The elder son of Banfi President Emeritus Harry F. Mariani, James and his cousin Cristina Mariani-May represent the third generation of family leadership in the company founded by their grandfather, John F. Mariani, Sr. in 1919.
James Mariani officially joined the family business in 1991, though he earlier interned at the company’s vineyard estates, literally learning the business from the ground up. Over the summers of 1982 and 1983, he served as part of a small team that planted the firm’s Chardonnay vineyard at Old Brookville. Four years later, he worked with the vineyard staff at Castello Banfi for the 1987 harvest. From 1991 to 1996, he joined his father and uncle as influential leaders in the development of Brunello di Montalcino in North America, as he traveled extensively across the U.S. and Canada, conducting seminars, university lectures, and wine maker dinners. At the turn of the millennium, he supported the expansion of the firm’s Chilean portfolio to more premium and super-premium offerings, while simultaneously increasing consumer confidence in Riunite Lambrusco. Having recently completed work on the re-launching of the historic Italian wines of Bolla, Mr. Mariani is now considered an unofficial ambassador for all imported wines, joining other producers and importers on numerous industry panels and tastings. He is frequently on the road to meet with the firm’s multitude of wholesale and retail customers across North America.

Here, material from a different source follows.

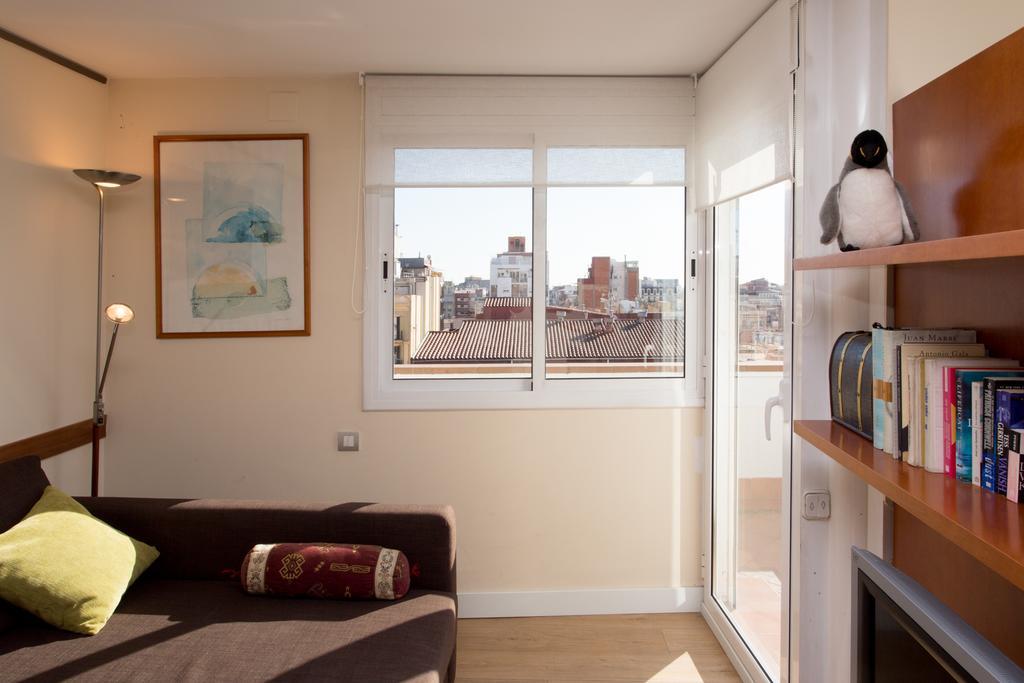 Gaudi Views Apartment Барселона Экстерьер фото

In assessing the market of the 21st century, Mr. Mariani, who holds a BA from Colgate University and an MBA from the Cornell University’s Johnson School of Business, speculates that current American interest in varietal wines will continue to grow while the market embraces offerings from many different wine-producing nations. “As Americans become more and more comfortable with wine,” he said, “they will better understand how the specific appellation of a wine imparts particular flavors and style to a given grape variety.”